START Data section

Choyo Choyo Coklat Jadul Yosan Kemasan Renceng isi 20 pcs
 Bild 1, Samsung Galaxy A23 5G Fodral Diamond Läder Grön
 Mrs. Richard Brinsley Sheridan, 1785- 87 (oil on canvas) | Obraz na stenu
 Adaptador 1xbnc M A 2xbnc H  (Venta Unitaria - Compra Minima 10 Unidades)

END Data section

Exercise:
Give the data back in full, exactly as written.

Exercise answer:
Choyo Choyo Coklat Jadul Yosan Kemasan Renceng isi 20 pcs
 Bild 1, Samsung Galaxy A23 5G Fodral Diamond Läder Grön
 Mrs. Richard Brinsley Sheridan, 1785- 87 (oil on canvas) | Obraz na stenu
 Adaptador 1xbnc M A 2xbnc H  (Venta Unitaria - Compra Minima 10 Unidades)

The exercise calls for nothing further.